TASK BRIEF — Leave out the pictures and copy everything else in the entries exactly.

▬▬▬▬▬▬

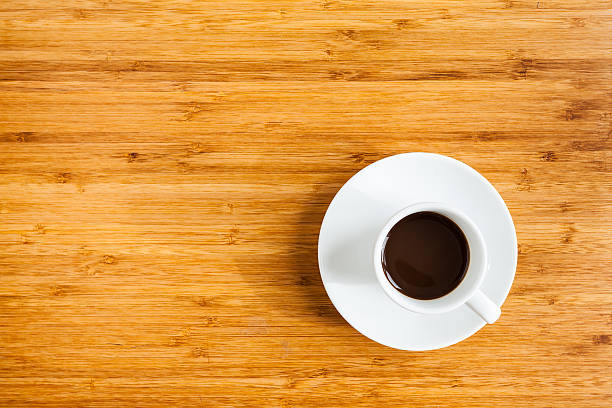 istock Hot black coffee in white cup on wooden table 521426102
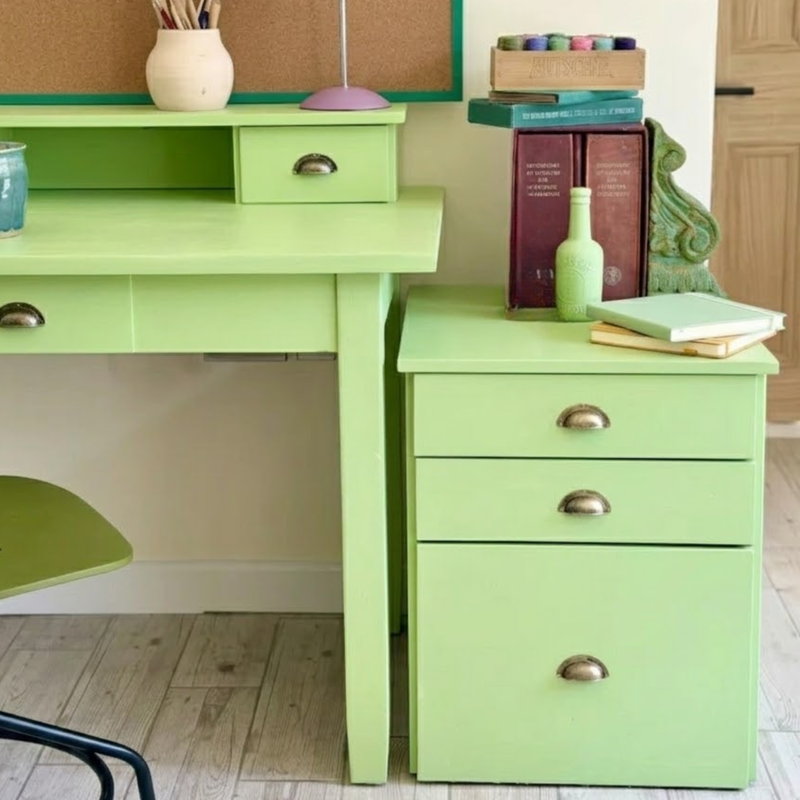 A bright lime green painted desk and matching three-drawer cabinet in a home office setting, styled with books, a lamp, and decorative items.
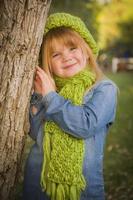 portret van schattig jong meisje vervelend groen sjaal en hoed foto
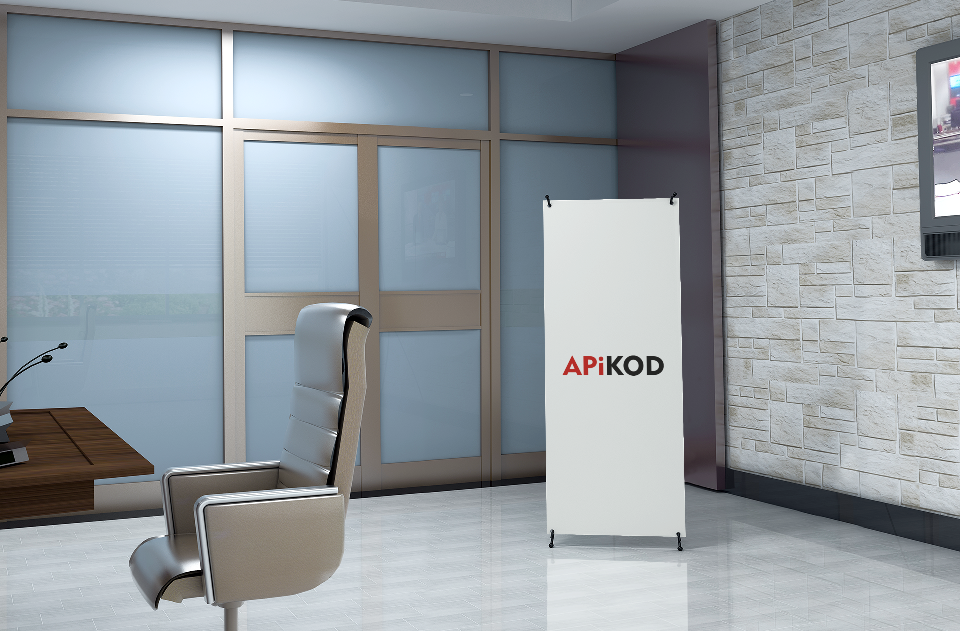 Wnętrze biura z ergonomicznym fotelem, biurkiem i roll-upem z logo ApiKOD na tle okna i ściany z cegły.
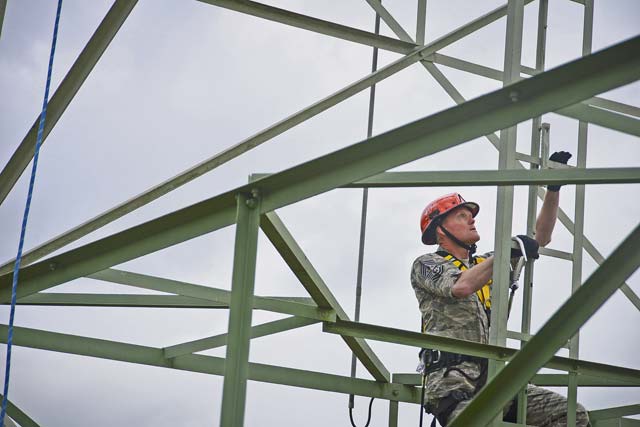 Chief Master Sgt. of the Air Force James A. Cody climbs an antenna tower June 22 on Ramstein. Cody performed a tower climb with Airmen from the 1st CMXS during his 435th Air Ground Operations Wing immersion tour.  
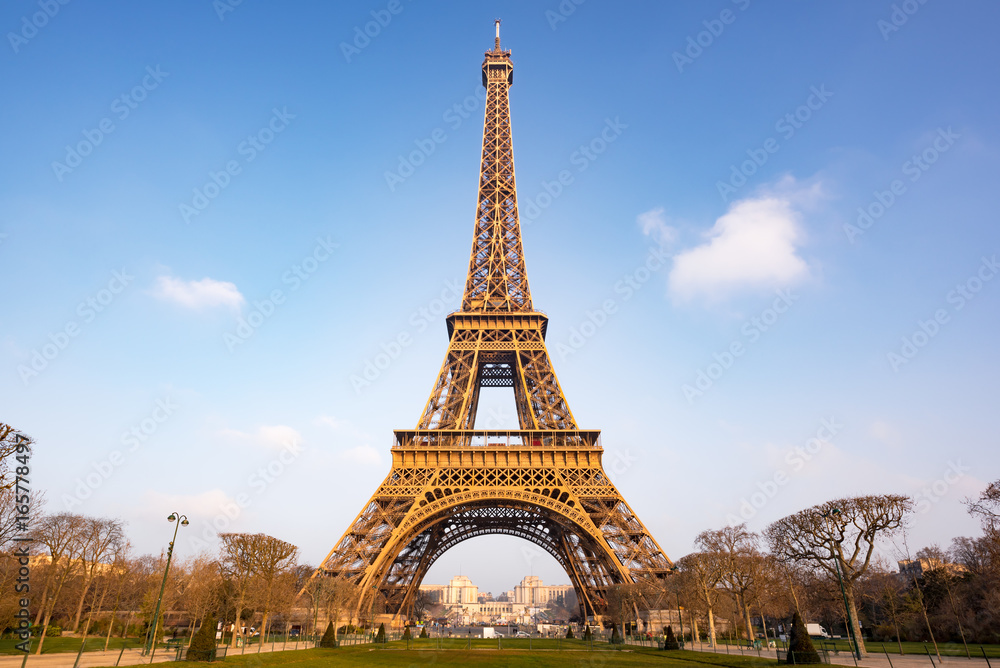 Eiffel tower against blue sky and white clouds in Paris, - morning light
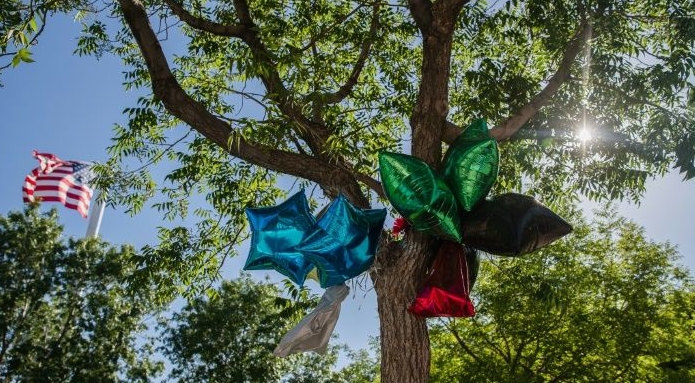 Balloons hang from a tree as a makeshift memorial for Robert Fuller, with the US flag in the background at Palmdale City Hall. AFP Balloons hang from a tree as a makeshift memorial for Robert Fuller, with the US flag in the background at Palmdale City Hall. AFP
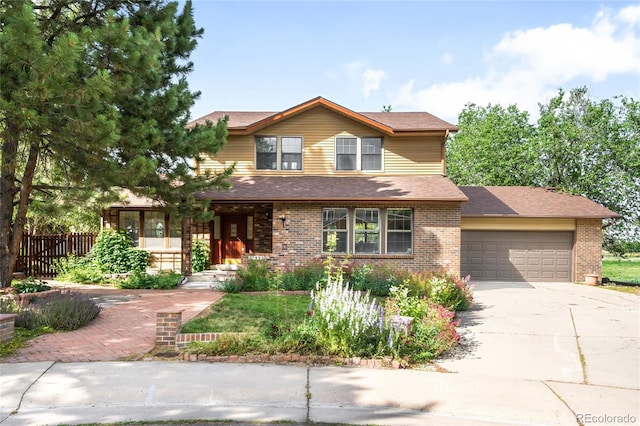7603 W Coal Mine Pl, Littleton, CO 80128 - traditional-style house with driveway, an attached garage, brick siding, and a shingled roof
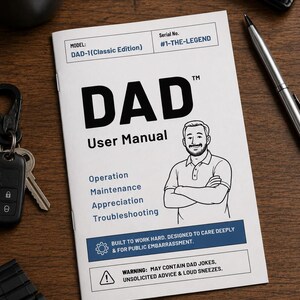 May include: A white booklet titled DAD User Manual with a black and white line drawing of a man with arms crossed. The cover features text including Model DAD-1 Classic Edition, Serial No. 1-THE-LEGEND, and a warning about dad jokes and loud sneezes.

▬▬▬▬▬▬

FINISHED EXERCISE —
 istock Hot black coffee in white cup on wooden table 521426102
 A bright lime green painted desk and matching three-drawer cabinet in a home office setting, styled with books, a lamp, and decorative items.
 portret van schattig jong meisje vervelend groen sjaal en hoed foto
 Wnętrze biura z ergonomicznym fotelem, biurkiem i roll-upem z logo ApiKOD na tle okna i ściany z cegły.
 Chief Master Sgt. of the Air Force James A. Cody climbs an antenna tower June 22 on Ramstein. Cody performed a tower climb with Airmen from the 1st CMXS during his 435th Air Ground Operations Wing immersion tour.  
 Eiffel tower against blue sky and white clouds in Paris, - morning light
 Balloons hang from a tree as a makeshift memorial for Robert Fuller, with the US flag in the background at Palmdale City Hall. AFP Balloons hang from a tree as a makeshift memorial for Robert Fuller, with the US flag in the background at Palmdale City Hall. AFP
7603 W Coal Mine Pl, Littleton, CO 80128 - traditional-style house with driveway, an attached garage, brick siding, and a shingled roof
 May include: A white booklet titled DAD User Manual with a black and white line drawing of a man with arms crossed. The cover features text including Model DAD-1 Classic Edition, Serial No. 1-THE-LEGEND, and a warning about dad jokes and loud sneezes.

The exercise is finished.